- **EXERCISE DIRECTIONS**: Print the entries exactly as they appear, and omit any images.
··· MATERIALS PROVIDED ···
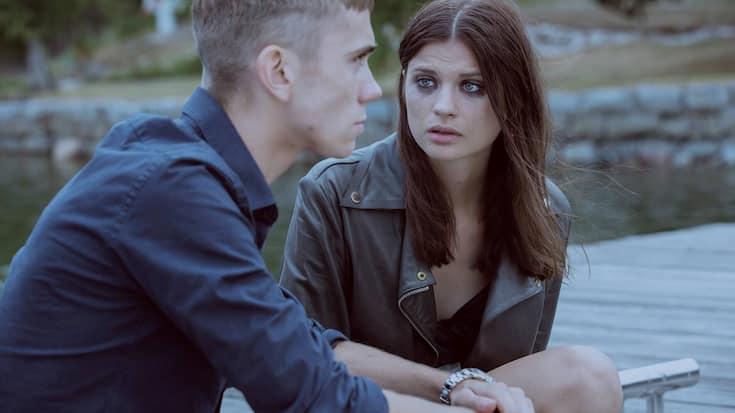 Tele Streaming Tipp Quicksand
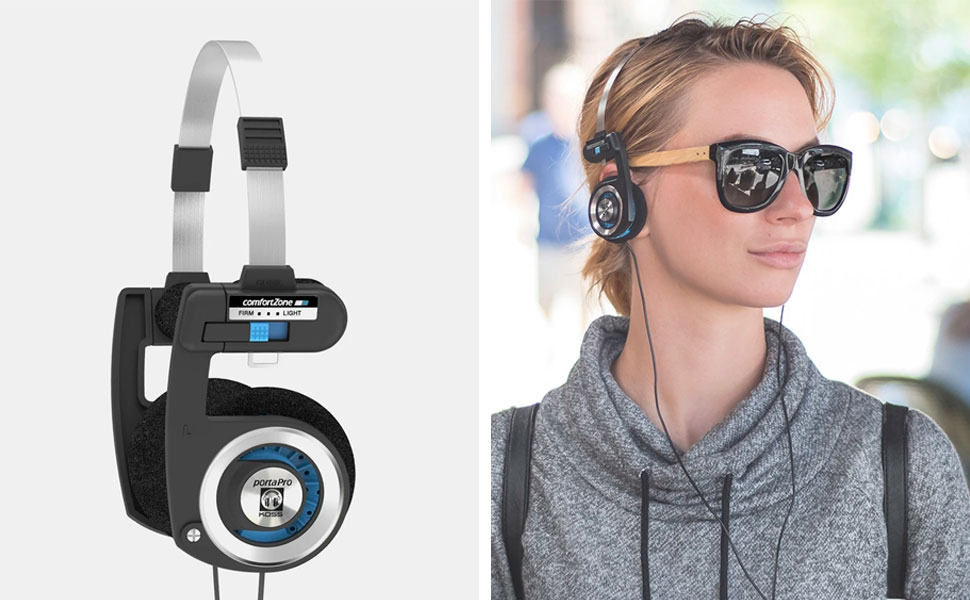 Koss Porta Pro Classic Auriculares con Cable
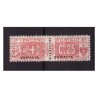 SOMALIA  ITALIANA 1923   -   PACCHI POSTALI   -  CENTESIMI 25  NUOVO  **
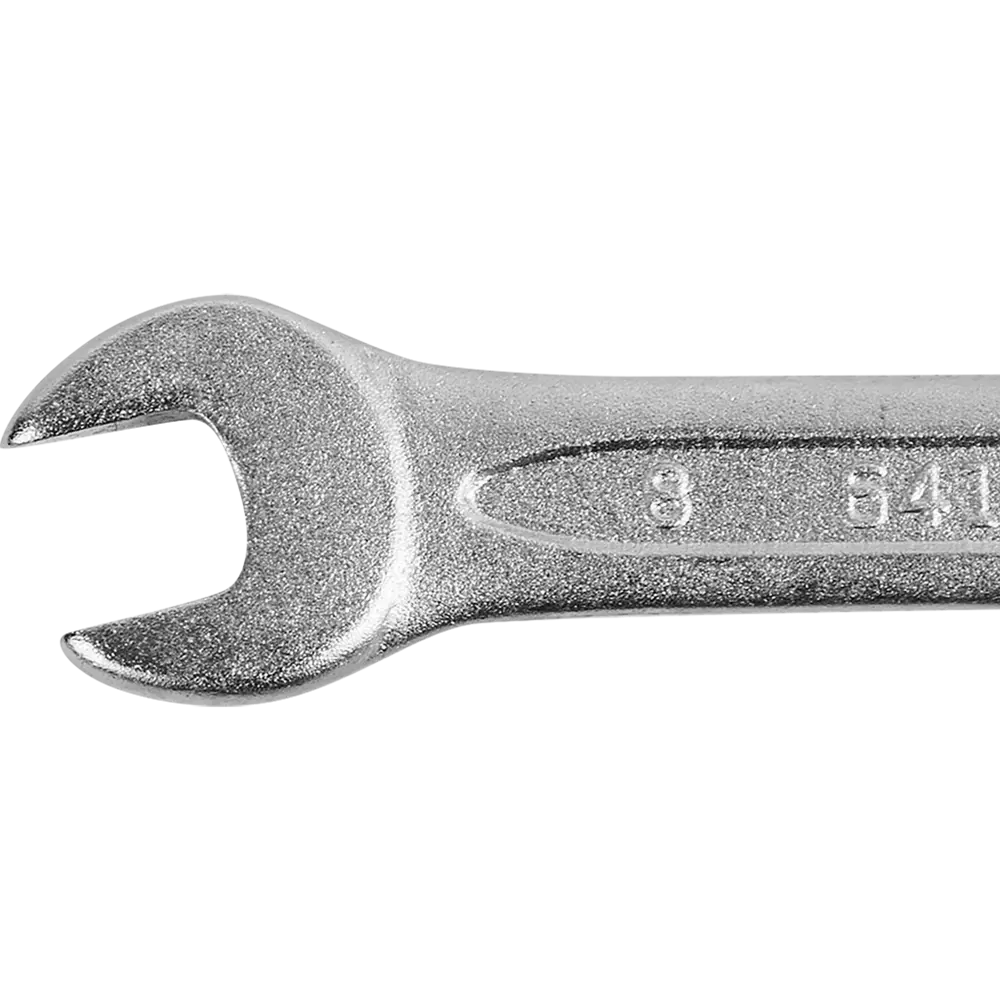 Комбинированный ключ Bellota 6410-8 для профессионального монтажа 87103893 STLM-1384882 - Вид №1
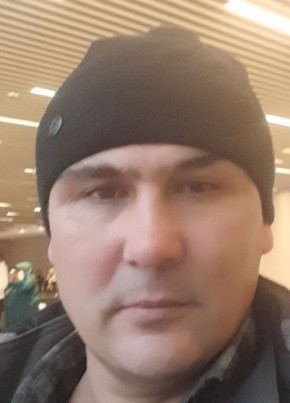 Зарифжон, 43, Россия, Большой Камень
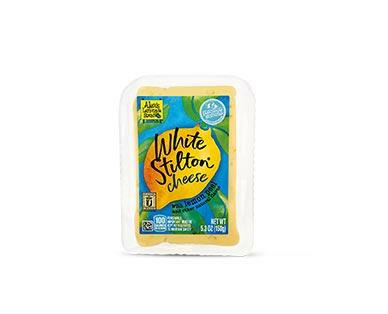 Emporium Selection English Lemon Stilton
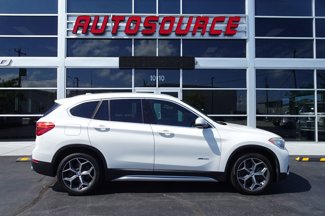 Used 2018 BMW X1 xDrive28i w/ Convenience Package image 1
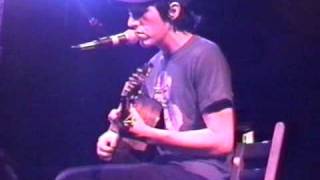 ELLIOTT SMITH  Angeles  Coming Up Roses - Gibson&#39;s Tempe, Az 1996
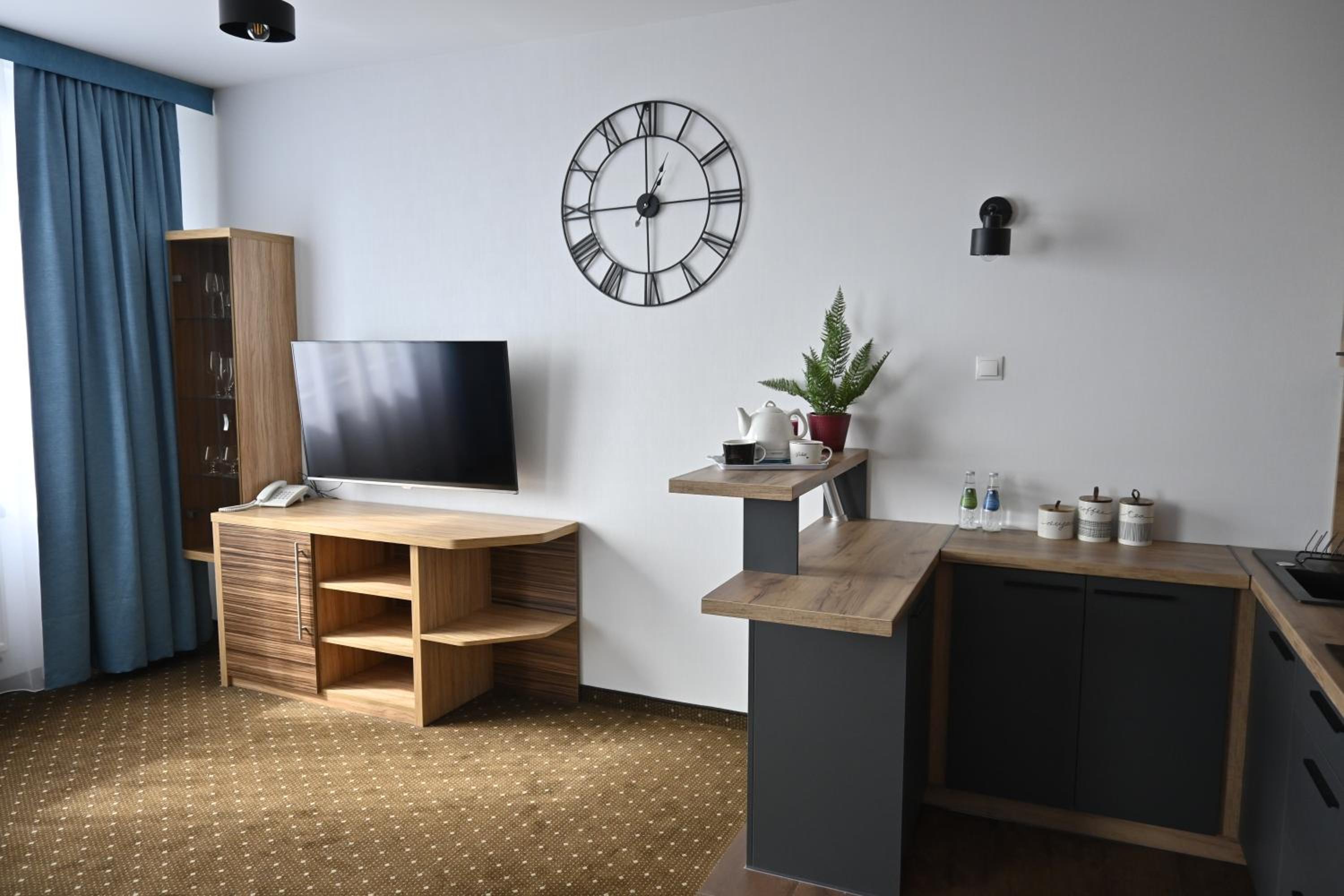 Studio Apartment - Photo 7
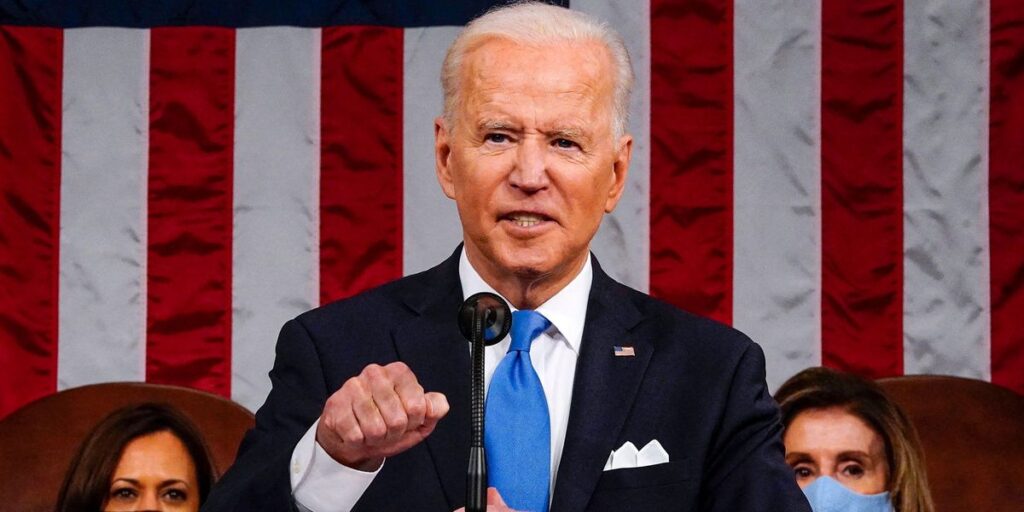Biden urges ban on 'assault weapons,' claiming 'it worked' before. No, it didn't.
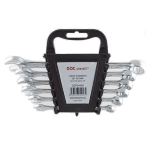 CHIAVI DOC COMBINATE CR-V SET 6 PZ. 8-17 C/SUPP.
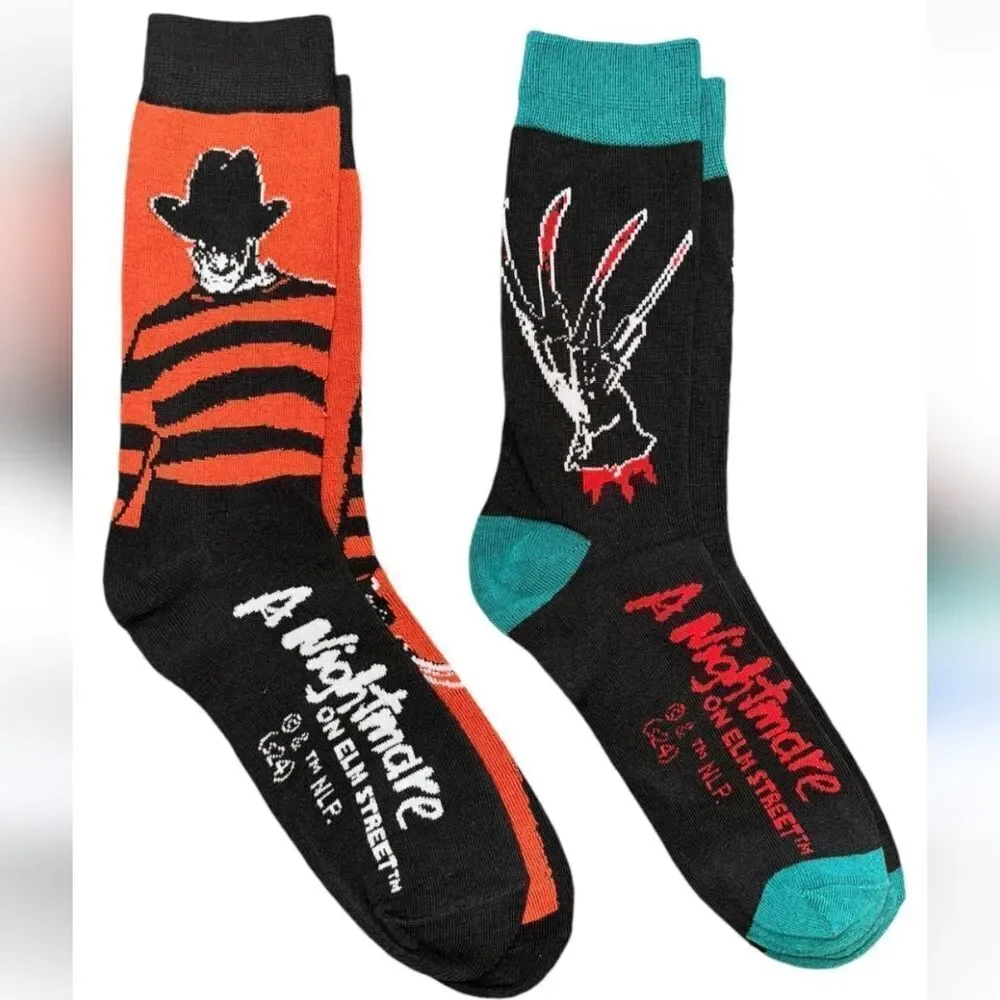 Warner Bros. pairs unisex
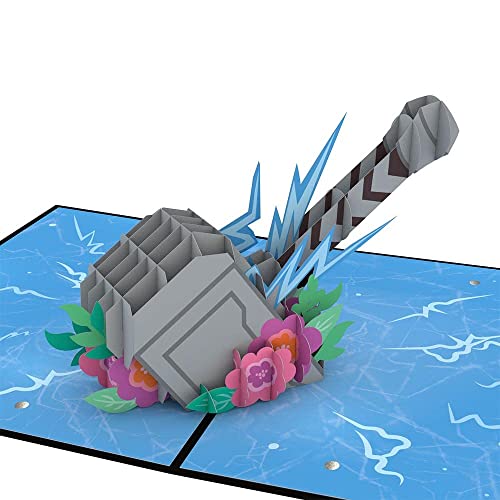 Thor Mother's Day
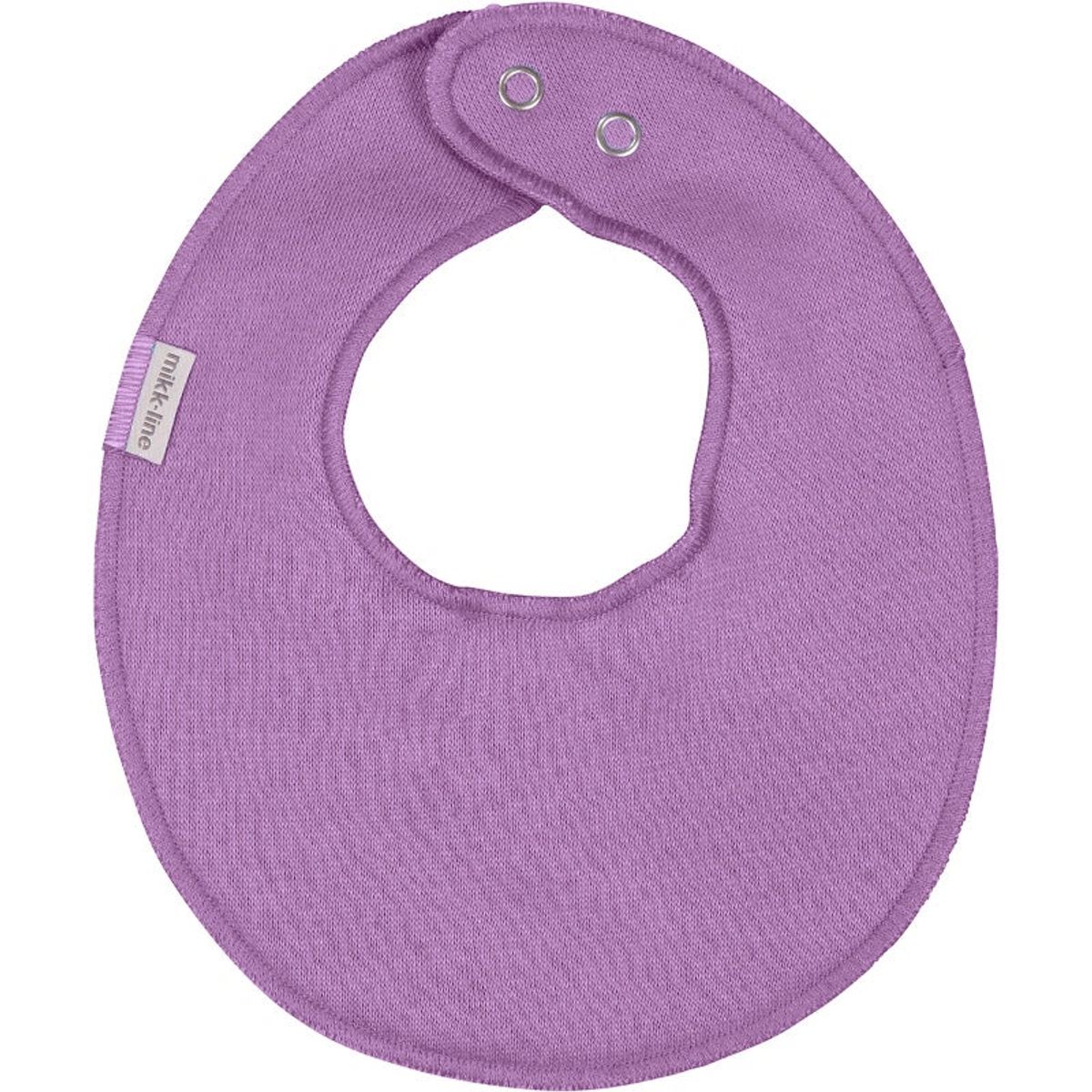 Mikk-Line - Hagesmæk - Radiant Orchid - One size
···
- **ANSWER SECTION**:
 Tele Streaming Tipp Quicksand
 Koss Porta Pro Classic Auriculares con Cable
 SOMALIA  ITALIANA 1923   -   PACCHI POSTALI   -  CENTESIMI 25  NUOVO  **
 Комбинированный ключ Bellota 6410-8 для профессионального монтажа 87103893 STLM-1384882 - Вид №1
 Зарифжон, 43, Россия, Большой Камень
 Emporium Selection English Lemon Stilton
 Used 2018 BMW X1 xDrive28i w/ Convenience Package image 1
 ELLIOTT SMITH  Angeles  Coming Up Roses - Gibson&#39;s Tempe, Az 1996
 Studio Apartment - Photo 7
Biden urges ban on 'assault weapons,' claiming 'it worked' before. No, it didn't.
 CHIAVI DOC COMBINATE CR-V SET 6 PZ. 8-17 C/SUPP.
 Warner Bros. pairs unisex
 Thor Mother's Day
 Mikk-Line - Hagesmæk - Radiant Orchid - One size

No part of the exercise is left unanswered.